When all is said and done, you are the parent of your children and you need to teach them what you believe is important. Teach your daughters respect for themselves and others and love them with all your words and actions.

lindznbrooks's picture
lindznbrooks

I don't see anything wrong with any of that. First how old are your in laws? I have news for them...Women now work, Tv has more than 5 channels, and husband and wife sleep in the same bed. lol. As long as you and your husband were around I see nothing wrong with what you did. And no matter where you go there are going to be things, people,and places you don't want your kids subjected to. But sooner or later it's going to happen. But shielding them from it isn't going to make it better. That's where communication and being open with your children come into play. The more you hide them from things like that the more curious they become and I guarantee that when they get older they will explore on their own, and if you're not honestly and open they will explore it with out the knowledge or telling you! Your in laws sound like people living in the 60's

1butterflyrose's picture
1butterflyrose

Thanks lindznbroo...My inlaws are in their 50's My husband and I talk to my oldest daughter about sex, drugs etc. Without getting too explicit of course. And she didnt see anything wrong with that either. Its not like she is going to work there or dream about becoming a Hooters girl when she grows up, LOL. I was laughing at your comment about TV has more than 5 channels and husband and wife sleep in the same bed, lol. Thanks for your input. It makes me feel a lot better. I love my children and would never do anything that will put them in any danger or hurt them, I mean what the heck they act like I wouldnt die for my kids. I want the same things for my kids that they do but I just dont go about it they way they want. Time is a changing and its not 1950 anymore!!!!!

2xstepmom's picture
2xstepmom

"Its not like she is going to work there or dream about becoming a Hooters girl when she grows up, LOL."

This made me smile because my daughter did work at Hooters for a short time when she turned 19. (One customer too many made comments about her body and she quit. I said "What did you think was going to happen there?!!!)
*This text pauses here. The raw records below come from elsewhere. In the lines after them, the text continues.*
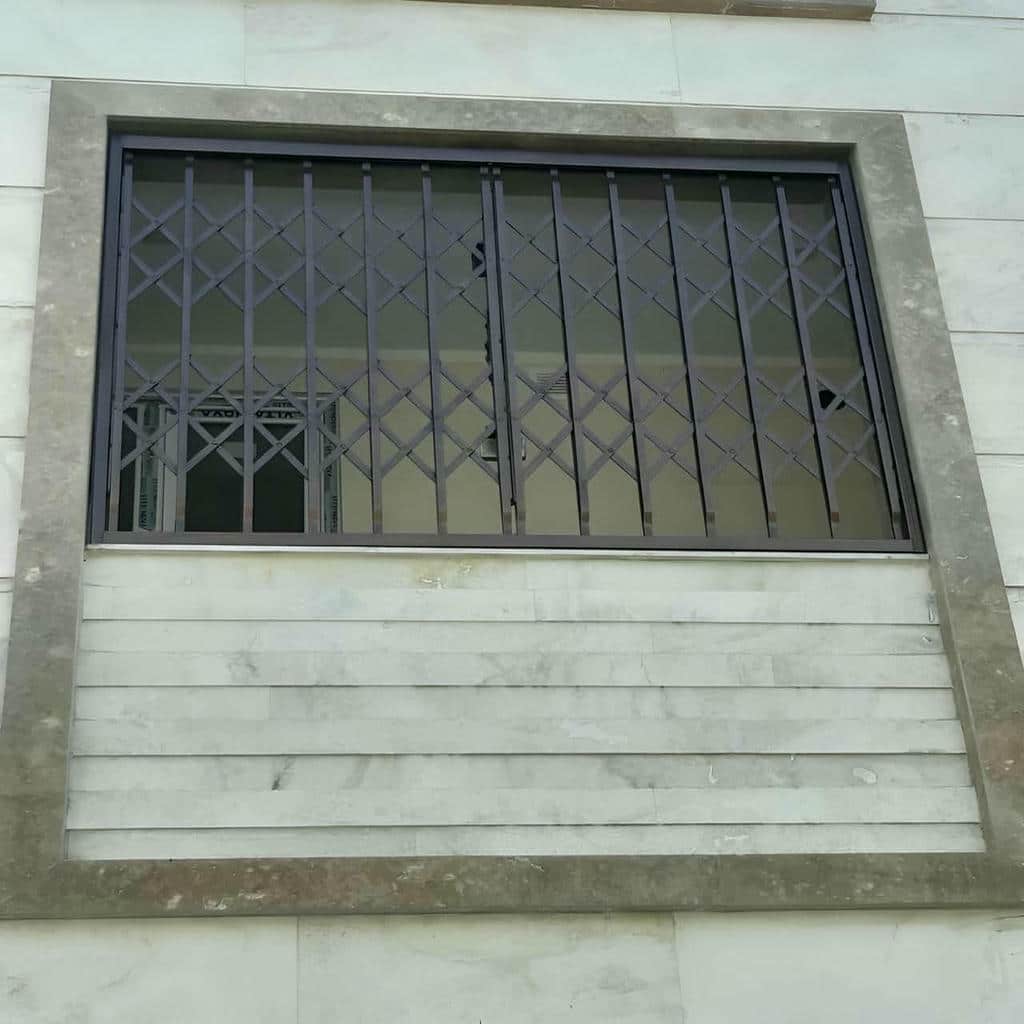 خرید حفاظ پنجره فرفورژه کلاسیک در زاهدان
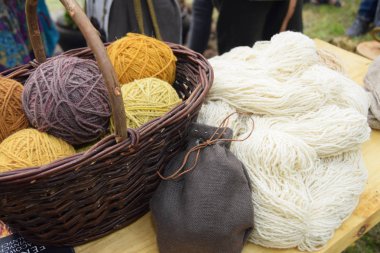 Hasır sepetinde otlar ile boyalı renkli yün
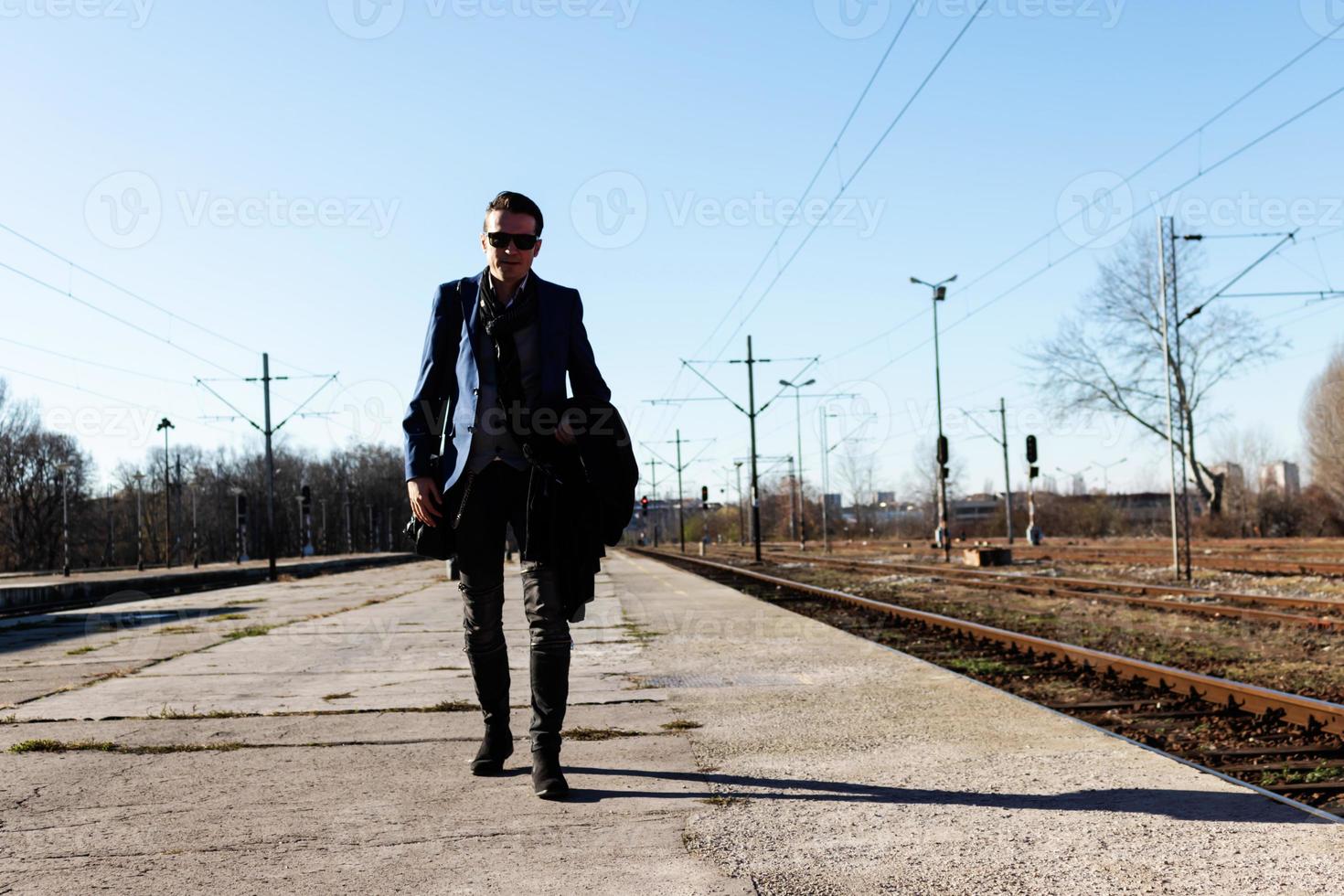 volle Länge eines Geschäftsmannes, der am Bahnsteig geht. foto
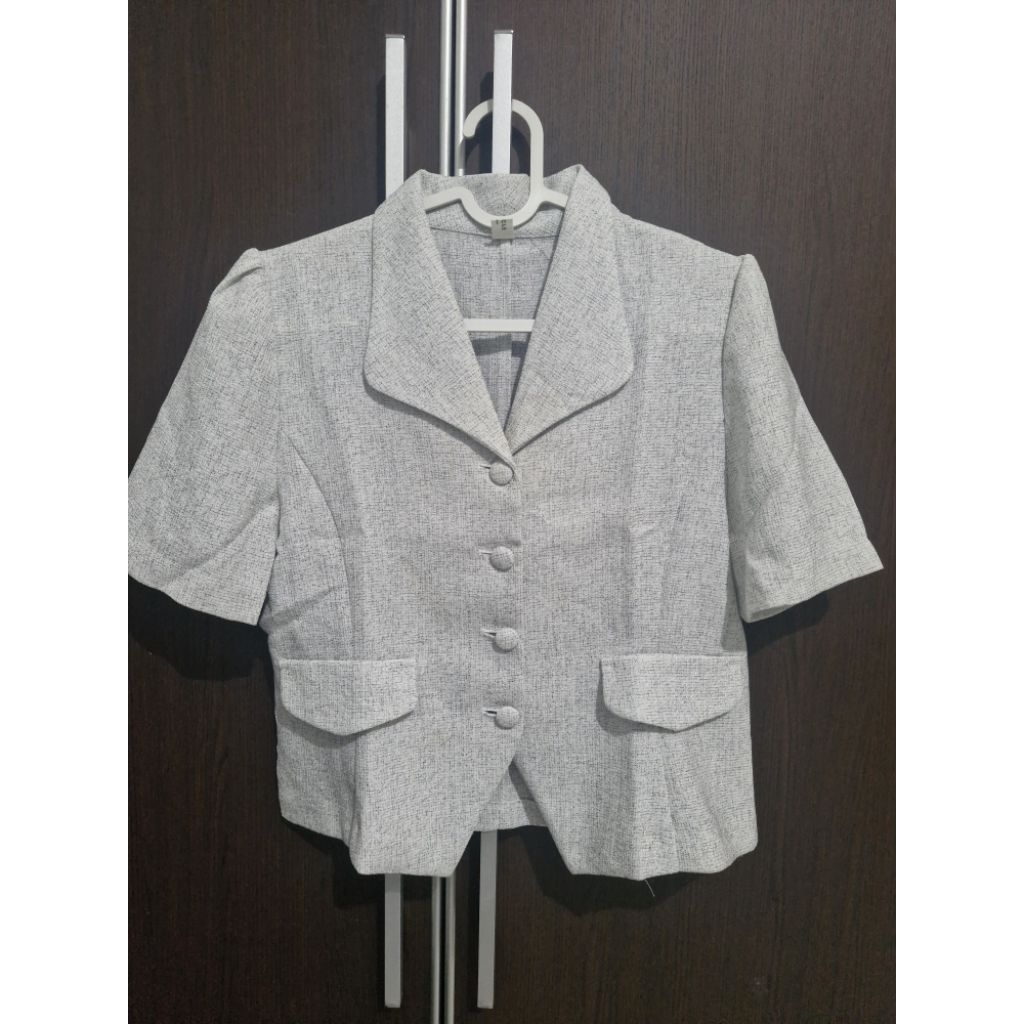atasan blazer tweed lengan pendek abu muda grey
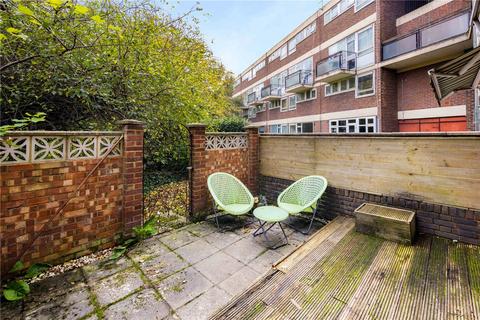 2 bedroom maisonette for sale, Burley House, Walter Terrace, London, E1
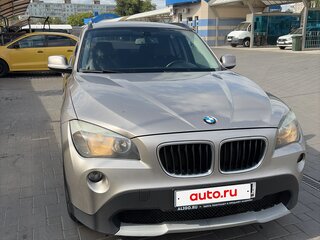 2011 BMW X1 18i I (E84), серебристый, 950000 рублей, вид 1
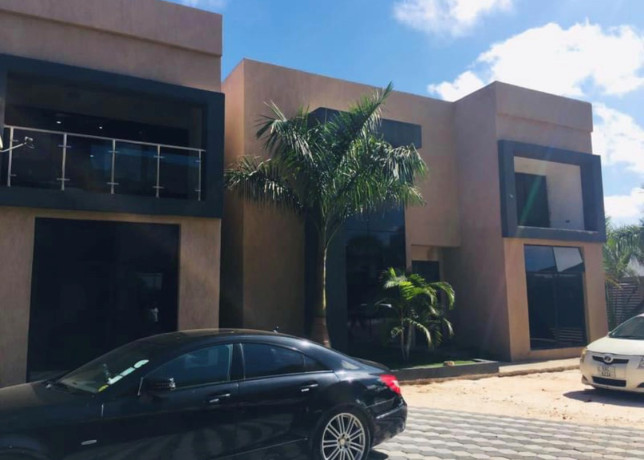 3-bedroom-flat-for-rent-in-ibex-meanwood-big-2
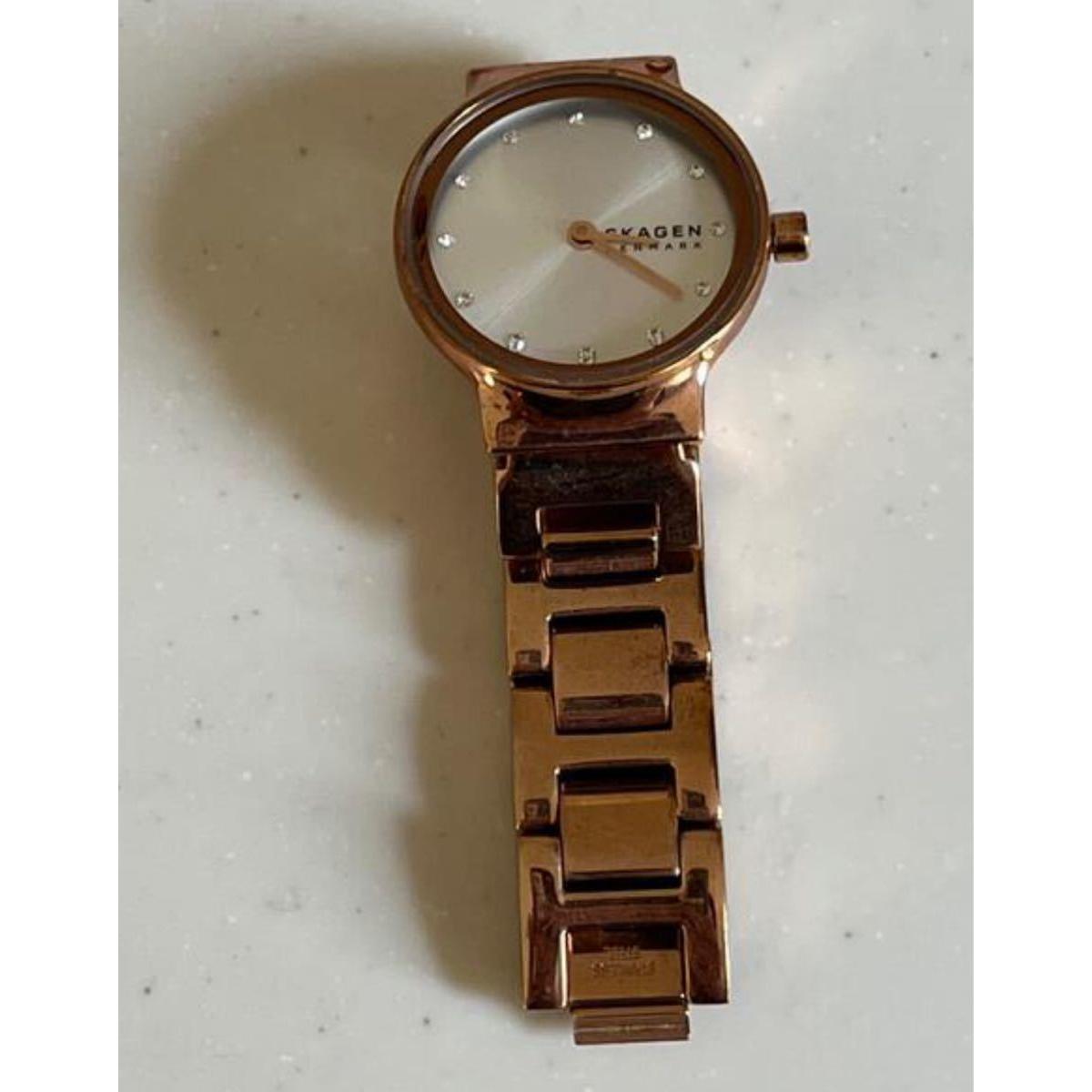 Used SKAGEN pink gold watch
When she as a teen, we took my daughter and her friends to many Hard Rock Cafe's and many rock concerts. We also talked to her very openly and she was a great teenager and fairly good young adult. Now at 25, she (and her 31 y/o married brother) is a stick in the mud! My husband and I go out more than they do!

If you protect your children too much, they just want to do whatever they were not allowed to do. You being willing to go with them shows you are great parents. Continue to have fun with your children! It goes by fast and you will have a lot of terrific memories to share. Your in laws had the chance to raise their children the way they saw fit and now it is your turn to raise YOURS!

concerned mom's picture
concerned mom

Just curious how old your other children were at the time you went to Bone Daddys. I personally wldn't bring my kids to a place like that at 14, but I don't think it's the end of the world that you did. It's not like it's going to damage them for life or anything. I think your in-laws definitely need to keep their comments to themselves. In the future, don't tell them these things if you don't want to hear their opinions about them. They're your children, not your in-laws'.